Protecting the Individual’s Rights
Ensuring the individual has access to legal counsel during these proceedings is essential for two primary reasons. First, because a court-mandated treatment plan fundamentally impacts a person’s individual liberty, it triggers strict constitutional protections. The judicial system requires strict adherence to due process to ensure that these laws are never applied arbitrarily. Second, if your loved one is resistant to entering rehabilitation, their defense attorney will oppose the petition in an attempt to block the court-ordered care. This reality underscores exactly why retaining a skilled legal advocate to represent your family’s interests is extremely vital.
During the formal hearing, petitioners must provide testimony under oath and will be subject to cross-examination by the defense. The court will carefully examine the evidence for signs of physical, psychological, or behavioral decline, as well as clear patterns of social dysfunction. While Florida law does not provide an explicit list of qualifying behaviors, judges routinely look for indicators such as impaired driving charges, nonviolent arrests, domestic disputes, public intoxication, severe isolation, sudden job loss, or financial ruin. A knowledgeable lawyer knows how to translate your painful personal observations into concrete evidence that clearly demonstrates to the court why intervention is necessary.
Combining the expertise of clinical professionals with a dedicated legal team offers the most straightforward path toward securing proper care. While a treatment specialist or medical doctor is well-equipped to diagnose the necessary level of clinical care, they lack the training to navigate courtroom procedures and statutory requirements. Conversely, attorneys are experts in litigation, not medicine, and rely on clinical evaluations to validate the necessity of the case. By merging these two fields, the court’s ruling can serve as the wake-up call your loved one needs to begin rebuilding their life.
Managing Financials
Severe substance abuse can place a family’s financial stability in immediate jeopardy. Impaired individuals routinely drain savings accounts, liquidate investments, or fund their habits by rapidly depleting their own and their family’s wealth. For this reason, any significant financial transactions or binding agreements executed during these periods of intoxication require intense legal scrutiny. If a person signs a deed, alters a will, or transfers property while lacking the cognitive ability to understand their actions, Florida law allows these transactions to be challenged and potentially reversed in court.

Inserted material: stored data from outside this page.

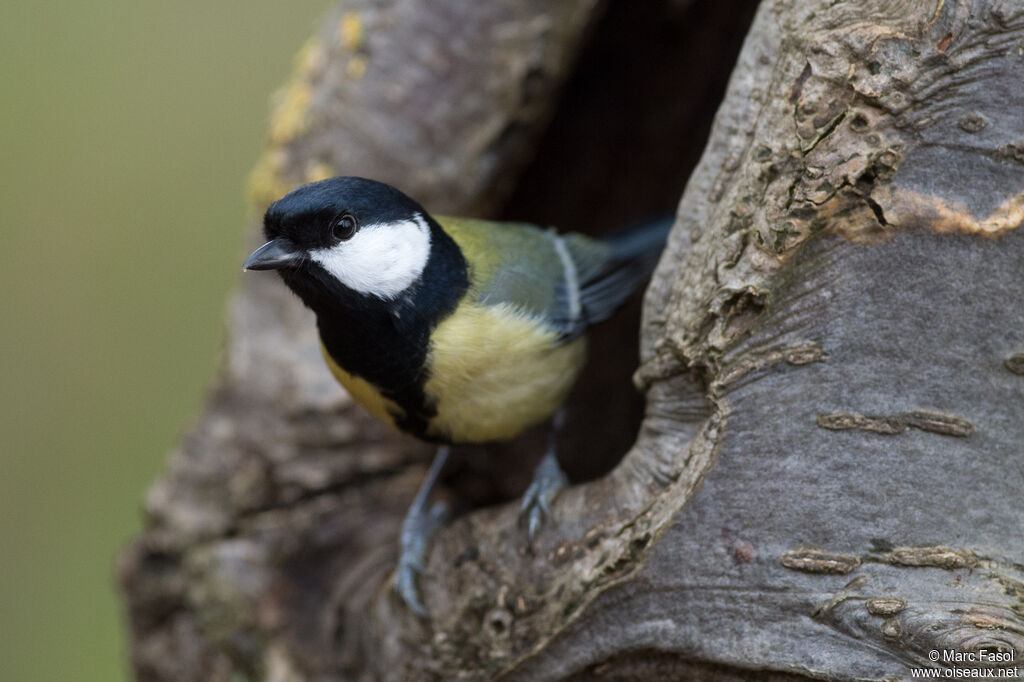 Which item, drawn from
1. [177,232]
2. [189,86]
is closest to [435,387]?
[177,232]

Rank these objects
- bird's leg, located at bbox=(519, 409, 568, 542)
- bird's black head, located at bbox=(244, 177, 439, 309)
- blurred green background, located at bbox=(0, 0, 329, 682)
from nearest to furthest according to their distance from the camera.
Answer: bird's black head, located at bbox=(244, 177, 439, 309)
bird's leg, located at bbox=(519, 409, 568, 542)
blurred green background, located at bbox=(0, 0, 329, 682)

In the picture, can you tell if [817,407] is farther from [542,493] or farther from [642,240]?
[642,240]

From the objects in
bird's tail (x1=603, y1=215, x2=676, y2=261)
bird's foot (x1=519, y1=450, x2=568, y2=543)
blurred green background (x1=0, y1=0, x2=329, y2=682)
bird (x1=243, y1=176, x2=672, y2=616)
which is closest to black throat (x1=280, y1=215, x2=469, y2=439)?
bird (x1=243, y1=176, x2=672, y2=616)

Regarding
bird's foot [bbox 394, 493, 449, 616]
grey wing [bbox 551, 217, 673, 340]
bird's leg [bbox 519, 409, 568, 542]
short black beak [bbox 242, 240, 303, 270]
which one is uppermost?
short black beak [bbox 242, 240, 303, 270]

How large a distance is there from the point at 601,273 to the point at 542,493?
2.23ft

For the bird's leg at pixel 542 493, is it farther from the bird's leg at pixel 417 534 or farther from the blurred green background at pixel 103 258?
the blurred green background at pixel 103 258

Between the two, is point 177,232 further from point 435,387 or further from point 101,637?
point 435,387

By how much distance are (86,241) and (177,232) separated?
0.35m

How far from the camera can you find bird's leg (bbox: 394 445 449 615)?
186 cm

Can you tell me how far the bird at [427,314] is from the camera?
1637 millimetres

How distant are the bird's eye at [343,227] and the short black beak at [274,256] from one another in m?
0.07

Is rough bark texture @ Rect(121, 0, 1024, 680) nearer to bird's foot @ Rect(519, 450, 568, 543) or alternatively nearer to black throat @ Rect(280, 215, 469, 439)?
bird's foot @ Rect(519, 450, 568, 543)

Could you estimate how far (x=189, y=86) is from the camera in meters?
3.81

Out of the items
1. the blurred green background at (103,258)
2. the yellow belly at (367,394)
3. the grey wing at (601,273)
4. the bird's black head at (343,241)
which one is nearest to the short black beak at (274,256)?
the bird's black head at (343,241) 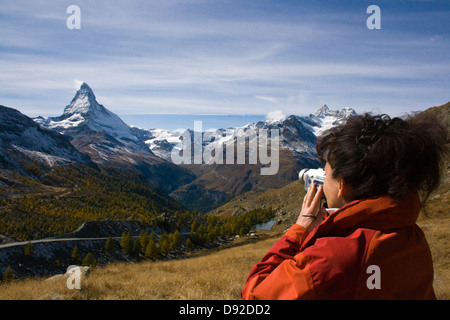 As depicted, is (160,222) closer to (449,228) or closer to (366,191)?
(449,228)

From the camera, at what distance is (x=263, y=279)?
2754mm

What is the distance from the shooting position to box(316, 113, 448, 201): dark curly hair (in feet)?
8.47

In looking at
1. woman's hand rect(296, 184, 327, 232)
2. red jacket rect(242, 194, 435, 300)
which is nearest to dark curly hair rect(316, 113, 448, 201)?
red jacket rect(242, 194, 435, 300)

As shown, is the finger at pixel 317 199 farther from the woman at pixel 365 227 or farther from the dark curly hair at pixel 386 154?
the dark curly hair at pixel 386 154

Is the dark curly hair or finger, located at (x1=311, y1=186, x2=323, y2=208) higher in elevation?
the dark curly hair

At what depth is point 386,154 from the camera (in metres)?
2.58

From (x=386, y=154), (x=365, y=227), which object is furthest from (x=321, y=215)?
(x=386, y=154)

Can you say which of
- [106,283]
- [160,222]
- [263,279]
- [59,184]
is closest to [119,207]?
[59,184]

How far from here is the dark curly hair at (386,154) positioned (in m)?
2.58

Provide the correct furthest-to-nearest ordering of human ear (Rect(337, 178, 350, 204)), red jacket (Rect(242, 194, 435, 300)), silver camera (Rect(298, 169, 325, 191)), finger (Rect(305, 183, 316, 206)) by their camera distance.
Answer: silver camera (Rect(298, 169, 325, 191))
finger (Rect(305, 183, 316, 206))
human ear (Rect(337, 178, 350, 204))
red jacket (Rect(242, 194, 435, 300))

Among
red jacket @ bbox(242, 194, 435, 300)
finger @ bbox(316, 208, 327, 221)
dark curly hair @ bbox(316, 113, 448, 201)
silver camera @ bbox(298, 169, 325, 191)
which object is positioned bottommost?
red jacket @ bbox(242, 194, 435, 300)

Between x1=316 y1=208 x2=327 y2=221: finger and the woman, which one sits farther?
x1=316 y1=208 x2=327 y2=221: finger

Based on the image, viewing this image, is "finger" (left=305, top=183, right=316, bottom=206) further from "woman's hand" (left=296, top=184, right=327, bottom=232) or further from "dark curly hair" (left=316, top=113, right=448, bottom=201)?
"dark curly hair" (left=316, top=113, right=448, bottom=201)

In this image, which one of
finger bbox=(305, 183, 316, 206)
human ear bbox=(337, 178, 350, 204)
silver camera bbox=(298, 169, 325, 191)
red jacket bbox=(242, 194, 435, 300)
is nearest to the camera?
red jacket bbox=(242, 194, 435, 300) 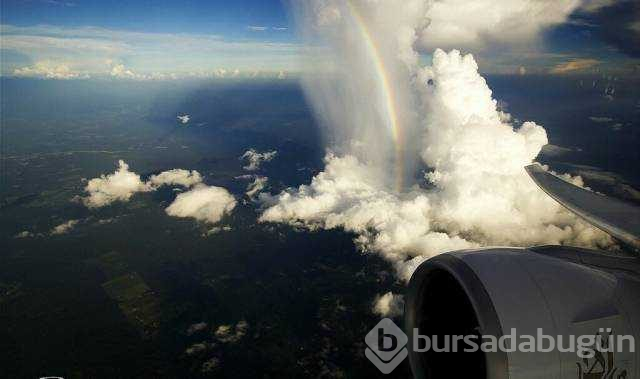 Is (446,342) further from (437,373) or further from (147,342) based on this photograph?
(147,342)

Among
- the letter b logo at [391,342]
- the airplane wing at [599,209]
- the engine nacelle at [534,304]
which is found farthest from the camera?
the letter b logo at [391,342]

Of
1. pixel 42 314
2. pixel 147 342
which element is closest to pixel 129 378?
pixel 147 342

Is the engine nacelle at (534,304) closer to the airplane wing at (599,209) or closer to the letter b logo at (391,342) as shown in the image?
the airplane wing at (599,209)

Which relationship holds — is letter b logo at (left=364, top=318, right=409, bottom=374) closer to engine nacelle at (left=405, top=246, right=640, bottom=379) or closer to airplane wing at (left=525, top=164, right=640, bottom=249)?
engine nacelle at (left=405, top=246, right=640, bottom=379)

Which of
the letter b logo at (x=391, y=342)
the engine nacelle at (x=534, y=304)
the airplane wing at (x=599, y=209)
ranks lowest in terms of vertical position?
the letter b logo at (x=391, y=342)

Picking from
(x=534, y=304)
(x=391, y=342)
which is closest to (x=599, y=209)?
(x=534, y=304)

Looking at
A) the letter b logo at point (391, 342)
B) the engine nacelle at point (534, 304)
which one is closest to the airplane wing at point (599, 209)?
the engine nacelle at point (534, 304)

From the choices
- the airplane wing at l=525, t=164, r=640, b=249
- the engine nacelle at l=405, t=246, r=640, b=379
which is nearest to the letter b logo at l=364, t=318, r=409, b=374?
the engine nacelle at l=405, t=246, r=640, b=379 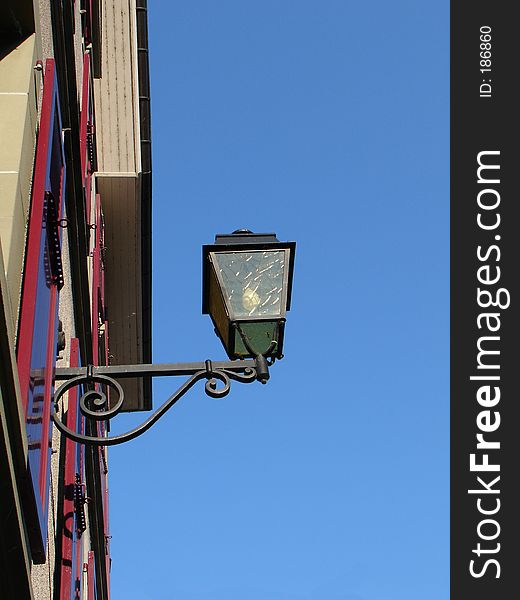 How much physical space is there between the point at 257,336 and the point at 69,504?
3162mm

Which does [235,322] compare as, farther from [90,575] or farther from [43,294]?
[90,575]

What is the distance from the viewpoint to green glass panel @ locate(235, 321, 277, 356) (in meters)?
5.52

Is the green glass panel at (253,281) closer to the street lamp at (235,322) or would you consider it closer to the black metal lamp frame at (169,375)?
the street lamp at (235,322)

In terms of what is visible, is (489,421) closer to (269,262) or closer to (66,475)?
(66,475)

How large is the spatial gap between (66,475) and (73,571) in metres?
0.69

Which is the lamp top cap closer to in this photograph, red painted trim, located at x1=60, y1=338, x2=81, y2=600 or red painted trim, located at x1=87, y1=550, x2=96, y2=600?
red painted trim, located at x1=60, y1=338, x2=81, y2=600

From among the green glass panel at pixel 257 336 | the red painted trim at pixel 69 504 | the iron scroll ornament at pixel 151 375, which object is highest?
the green glass panel at pixel 257 336

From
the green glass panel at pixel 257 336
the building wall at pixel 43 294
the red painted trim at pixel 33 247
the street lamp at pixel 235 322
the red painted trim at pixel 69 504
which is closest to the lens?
the building wall at pixel 43 294

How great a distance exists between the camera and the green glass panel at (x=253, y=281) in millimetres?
5543

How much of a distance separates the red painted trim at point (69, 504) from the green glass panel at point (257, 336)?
2471 mm

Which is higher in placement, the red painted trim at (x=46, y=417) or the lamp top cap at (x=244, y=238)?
the lamp top cap at (x=244, y=238)

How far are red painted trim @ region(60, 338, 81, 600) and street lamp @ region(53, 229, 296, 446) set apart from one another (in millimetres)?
2201

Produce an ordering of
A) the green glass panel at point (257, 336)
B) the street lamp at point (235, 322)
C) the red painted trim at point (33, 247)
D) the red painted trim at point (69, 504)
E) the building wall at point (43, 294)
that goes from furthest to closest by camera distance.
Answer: the red painted trim at point (69, 504) < the green glass panel at point (257, 336) < the street lamp at point (235, 322) < the red painted trim at point (33, 247) < the building wall at point (43, 294)

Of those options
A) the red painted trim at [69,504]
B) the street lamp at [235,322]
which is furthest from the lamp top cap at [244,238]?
the red painted trim at [69,504] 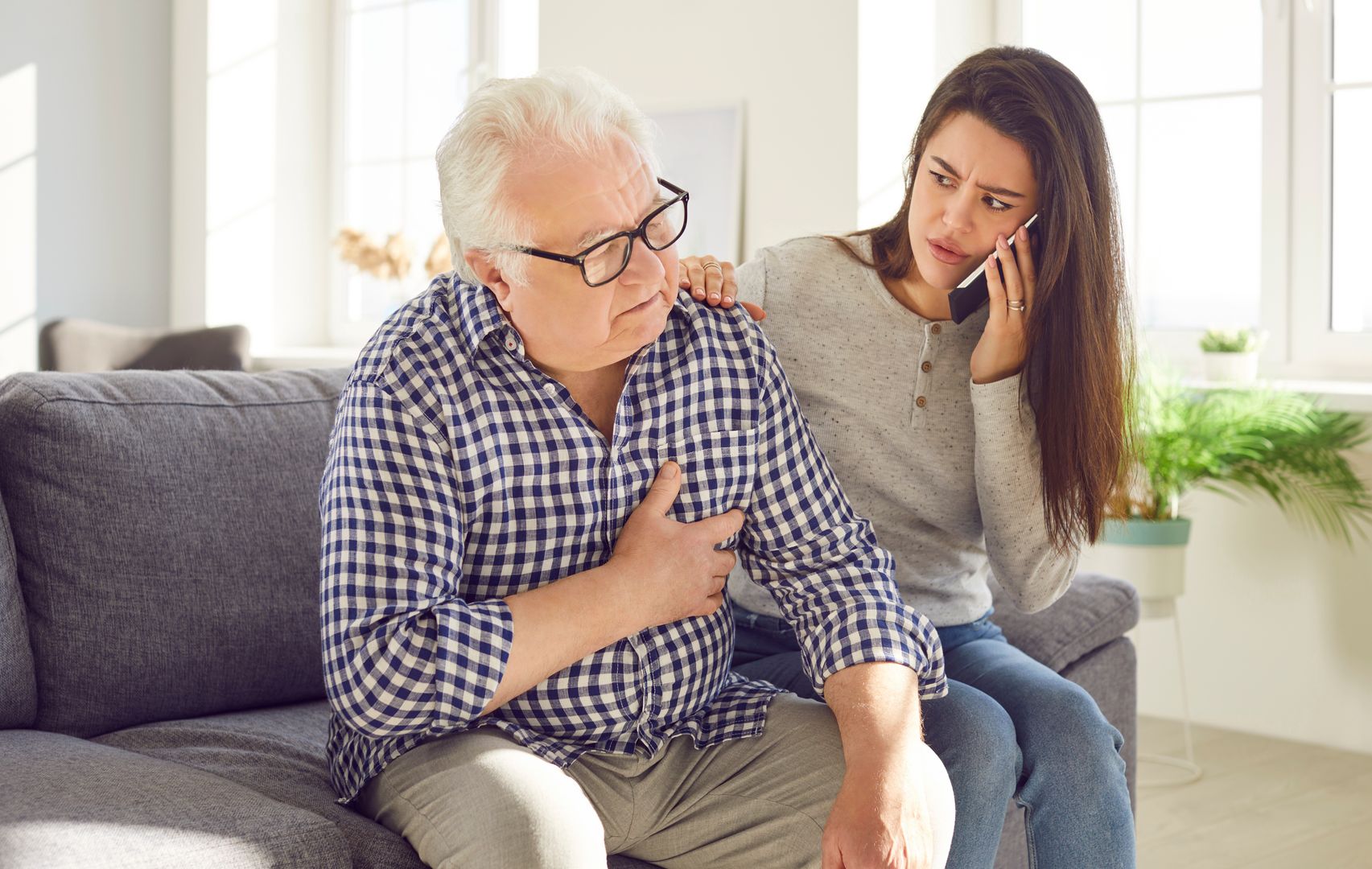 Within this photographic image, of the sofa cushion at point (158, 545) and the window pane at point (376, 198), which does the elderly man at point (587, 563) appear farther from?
the window pane at point (376, 198)

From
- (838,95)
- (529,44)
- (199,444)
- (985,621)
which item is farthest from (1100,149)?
(529,44)

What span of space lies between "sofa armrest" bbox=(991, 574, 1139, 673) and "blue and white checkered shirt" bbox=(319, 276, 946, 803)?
0.53 metres

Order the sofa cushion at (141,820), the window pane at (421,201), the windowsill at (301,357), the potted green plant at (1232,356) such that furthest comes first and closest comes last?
the window pane at (421,201) → the windowsill at (301,357) → the potted green plant at (1232,356) → the sofa cushion at (141,820)

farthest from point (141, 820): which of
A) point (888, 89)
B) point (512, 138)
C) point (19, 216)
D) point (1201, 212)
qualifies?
point (19, 216)

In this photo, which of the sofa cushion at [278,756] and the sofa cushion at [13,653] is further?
the sofa cushion at [13,653]

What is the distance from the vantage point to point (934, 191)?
66.8 inches

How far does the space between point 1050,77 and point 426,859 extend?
1.16 m

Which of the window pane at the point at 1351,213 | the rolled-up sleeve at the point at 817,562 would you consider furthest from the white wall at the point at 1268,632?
the rolled-up sleeve at the point at 817,562

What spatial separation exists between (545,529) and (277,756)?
483 mm

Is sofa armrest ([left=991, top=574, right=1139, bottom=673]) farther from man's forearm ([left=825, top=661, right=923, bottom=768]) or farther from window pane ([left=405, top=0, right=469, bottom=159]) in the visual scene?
window pane ([left=405, top=0, right=469, bottom=159])

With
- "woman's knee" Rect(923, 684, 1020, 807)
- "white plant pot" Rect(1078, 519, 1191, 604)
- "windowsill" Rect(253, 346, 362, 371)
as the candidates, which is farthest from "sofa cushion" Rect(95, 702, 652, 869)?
"windowsill" Rect(253, 346, 362, 371)

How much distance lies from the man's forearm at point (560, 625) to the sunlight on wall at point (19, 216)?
14.7ft

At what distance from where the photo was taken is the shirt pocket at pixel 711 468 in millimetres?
1458

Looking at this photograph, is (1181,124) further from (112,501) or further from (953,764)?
(112,501) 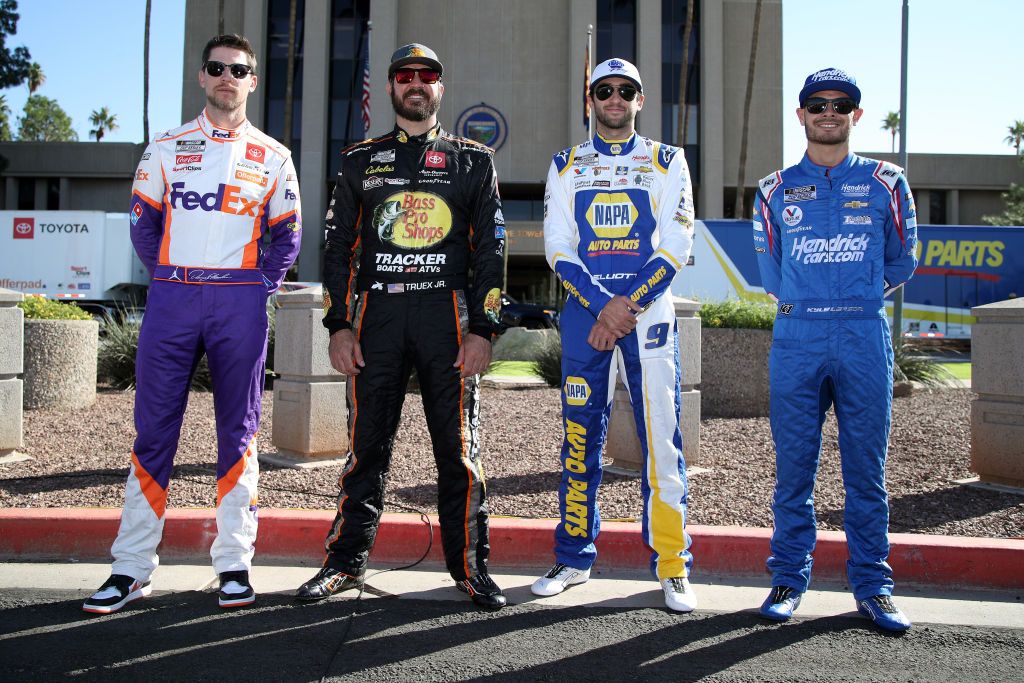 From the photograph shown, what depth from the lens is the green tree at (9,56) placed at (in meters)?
33.7

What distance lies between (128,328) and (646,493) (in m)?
9.47

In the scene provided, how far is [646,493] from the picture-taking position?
12.6 ft

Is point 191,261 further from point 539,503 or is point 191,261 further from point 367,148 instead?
point 539,503

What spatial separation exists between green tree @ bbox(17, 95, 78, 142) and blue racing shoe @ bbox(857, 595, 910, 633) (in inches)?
2868

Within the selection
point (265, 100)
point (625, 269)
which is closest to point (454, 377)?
point (625, 269)

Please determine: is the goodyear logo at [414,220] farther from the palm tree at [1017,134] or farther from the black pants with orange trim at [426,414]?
the palm tree at [1017,134]

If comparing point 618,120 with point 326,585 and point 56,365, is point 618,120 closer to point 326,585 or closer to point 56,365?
point 326,585

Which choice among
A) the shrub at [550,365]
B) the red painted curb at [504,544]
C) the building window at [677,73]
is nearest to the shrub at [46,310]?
the red painted curb at [504,544]

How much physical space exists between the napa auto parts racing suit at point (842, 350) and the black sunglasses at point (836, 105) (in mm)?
→ 230

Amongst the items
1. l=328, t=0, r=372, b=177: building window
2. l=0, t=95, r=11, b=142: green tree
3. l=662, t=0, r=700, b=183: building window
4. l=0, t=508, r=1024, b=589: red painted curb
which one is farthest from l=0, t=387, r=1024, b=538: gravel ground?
l=0, t=95, r=11, b=142: green tree

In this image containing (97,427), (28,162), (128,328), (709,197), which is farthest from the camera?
(28,162)

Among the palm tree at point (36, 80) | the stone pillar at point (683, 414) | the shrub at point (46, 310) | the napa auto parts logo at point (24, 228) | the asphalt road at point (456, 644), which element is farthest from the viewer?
the palm tree at point (36, 80)

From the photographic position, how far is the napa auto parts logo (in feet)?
84.0

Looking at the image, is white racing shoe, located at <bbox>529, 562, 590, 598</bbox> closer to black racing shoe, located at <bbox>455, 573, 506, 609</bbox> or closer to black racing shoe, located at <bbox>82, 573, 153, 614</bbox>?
black racing shoe, located at <bbox>455, 573, 506, 609</bbox> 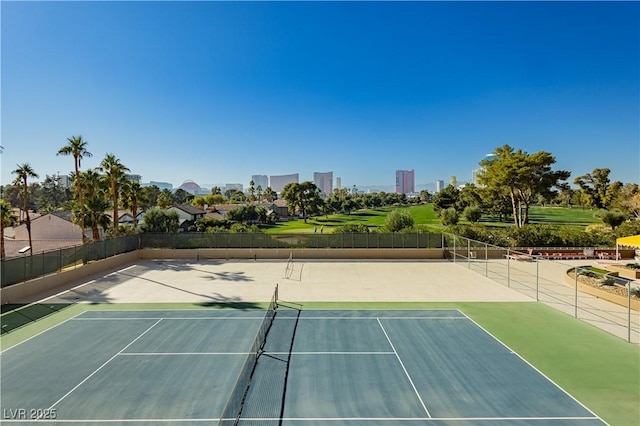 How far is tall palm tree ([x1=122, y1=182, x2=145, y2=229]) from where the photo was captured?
3469cm

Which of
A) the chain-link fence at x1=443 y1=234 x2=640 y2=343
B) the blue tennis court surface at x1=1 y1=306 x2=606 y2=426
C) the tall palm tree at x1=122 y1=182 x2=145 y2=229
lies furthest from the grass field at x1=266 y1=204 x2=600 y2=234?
the blue tennis court surface at x1=1 y1=306 x2=606 y2=426

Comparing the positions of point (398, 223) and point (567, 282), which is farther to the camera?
point (398, 223)

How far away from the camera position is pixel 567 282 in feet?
64.6

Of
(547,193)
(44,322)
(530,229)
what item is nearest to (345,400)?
(44,322)

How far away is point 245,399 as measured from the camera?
8.38 meters

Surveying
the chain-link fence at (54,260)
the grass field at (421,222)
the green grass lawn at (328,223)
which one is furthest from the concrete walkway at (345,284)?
the grass field at (421,222)

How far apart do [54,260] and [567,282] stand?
27.2 m

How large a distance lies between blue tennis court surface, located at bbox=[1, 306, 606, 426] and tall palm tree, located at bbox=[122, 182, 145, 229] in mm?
23669

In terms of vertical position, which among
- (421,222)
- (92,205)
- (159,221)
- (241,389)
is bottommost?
(241,389)

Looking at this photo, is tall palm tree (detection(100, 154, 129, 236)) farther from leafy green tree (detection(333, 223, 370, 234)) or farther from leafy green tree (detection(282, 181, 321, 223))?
leafy green tree (detection(282, 181, 321, 223))

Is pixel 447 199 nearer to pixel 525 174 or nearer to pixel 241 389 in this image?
pixel 525 174

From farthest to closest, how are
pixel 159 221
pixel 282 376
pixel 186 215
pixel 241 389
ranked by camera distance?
pixel 186 215 → pixel 159 221 → pixel 282 376 → pixel 241 389

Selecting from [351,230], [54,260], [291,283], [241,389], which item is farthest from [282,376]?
[351,230]

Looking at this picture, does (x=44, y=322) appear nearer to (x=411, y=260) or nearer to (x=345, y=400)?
(x=345, y=400) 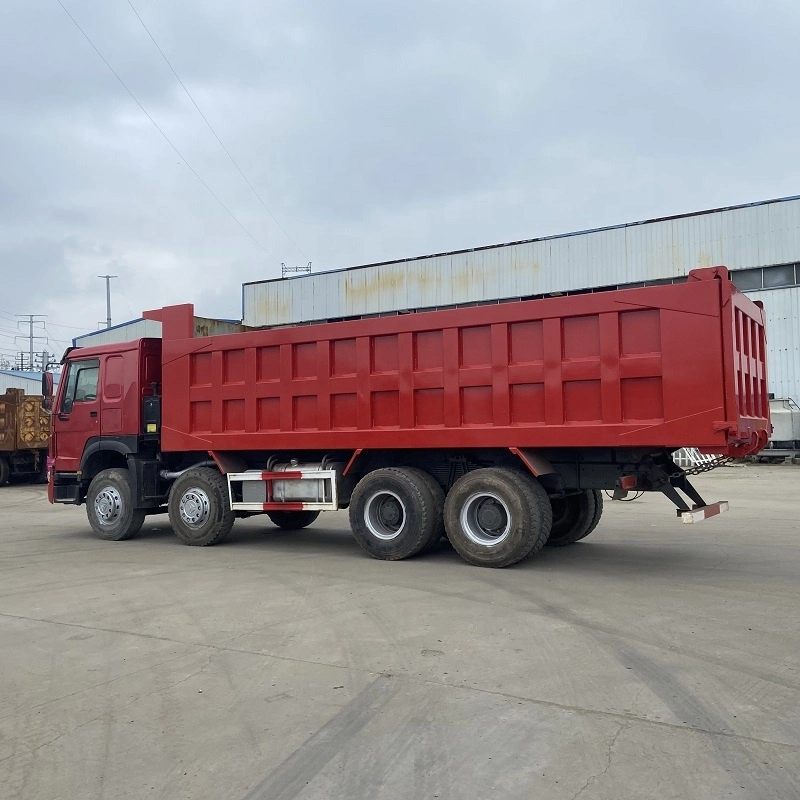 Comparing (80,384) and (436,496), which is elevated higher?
(80,384)

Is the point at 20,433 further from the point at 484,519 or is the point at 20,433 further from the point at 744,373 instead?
the point at 744,373

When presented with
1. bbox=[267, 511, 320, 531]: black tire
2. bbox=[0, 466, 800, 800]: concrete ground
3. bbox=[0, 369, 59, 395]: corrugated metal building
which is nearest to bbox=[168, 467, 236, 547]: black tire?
bbox=[0, 466, 800, 800]: concrete ground

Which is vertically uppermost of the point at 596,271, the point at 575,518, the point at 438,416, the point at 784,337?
the point at 596,271

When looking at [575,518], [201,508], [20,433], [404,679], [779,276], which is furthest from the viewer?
[779,276]

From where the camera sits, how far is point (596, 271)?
2964 cm

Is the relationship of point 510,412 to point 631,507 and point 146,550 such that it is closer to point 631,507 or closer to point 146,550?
point 146,550

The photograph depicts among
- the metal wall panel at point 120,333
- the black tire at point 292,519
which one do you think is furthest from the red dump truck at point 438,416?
the metal wall panel at point 120,333

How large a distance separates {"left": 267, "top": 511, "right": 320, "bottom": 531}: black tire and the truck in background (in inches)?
568

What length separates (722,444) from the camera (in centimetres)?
750

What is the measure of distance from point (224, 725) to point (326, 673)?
970 millimetres

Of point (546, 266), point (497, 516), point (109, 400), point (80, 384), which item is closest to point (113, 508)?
point (109, 400)

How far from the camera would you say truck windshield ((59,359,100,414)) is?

Crucially, while a standard Marchman Act petition focuses entirely on medical treatment rather than finances, a legal team can simultaneously file separate emergency actions to instantly freeze bank accounts and halt any further financial ruin. When an addiction has advanced to the point where an individual can no longer safely govern their own life, establishing a formal guardianship over their person or property becomes the most effective way to safeguard their assets.
Taking the First Step
Understanding the full spectrum of your legal options is critical during a time of crisis. Navigating a loved one’s abuse is one of the most painful challenges a family will ever endure, but partnering with the right professionals fundamentally changes the outcome. Although your loved one’s current behavior may seem completely unmanageable, a court-ordered intervention can effectively disrupt the cycle of addiction and give your family a breath of fresh air.
The 2024 reforms have made the Marchman Act more accessible, more flexible, and more effective than at any point in its history. There has never been a better time to act. Having a unified legal strategy is the most powerful way to protect your family and successfully guide your loved one toward long-term recovery.